Enhancing left atrial thrombus
Thrombus formation can be caused by hypercoagulable states, systolic dysfunction with wall motion abnormalities, atrial fibrillation, valvular abnormalities, or artificial devices. Thrombi are the most common cause of an intracardiac mass. These are most common in LA and LV. They are at increased risk for systemic embolism.
It typically appears as a hypodense, low-attenuation filling defect in a contrast pool within a cardiac chamber and may be differentiated from primary and secondary tumors by knowledge of predisposing risk factors, attachment location, shape, and lack of mobility. But it is not without false positive and false negative diagnosis.

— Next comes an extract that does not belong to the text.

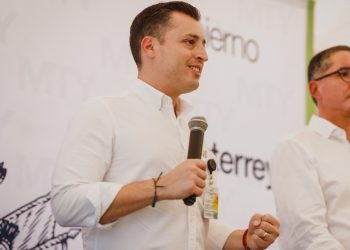 Luis Donaldo Colosio Riojas no buscará la candidatura por la presidencia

Chronic thrombi may develop spotty calcifications. Unfortunately, this feature has not been shown to significantly differentiate thrombus from atrial myxoma. The left atrial appendage (LAA) is the main location of thrombus formation, predominantly in patients with nonvalvular AF. Atrial thrombi, also commonly occur along the posterior wall of the LA. There are now cases of atrial thrombi arising from inter-atrial septum in the newly described left atrial septal pouch as another potential location of atrial thrombus.
Although useful imaging characteristics of myxomas and thrombi can be found on CT, potential overlap in the imaging findings may result in persisting uncertainty in the differentiation of the two disorders. Therefore, alternative imaging approaches such as MRI with superior tissue characterization with higher temporal resolution should also be considered.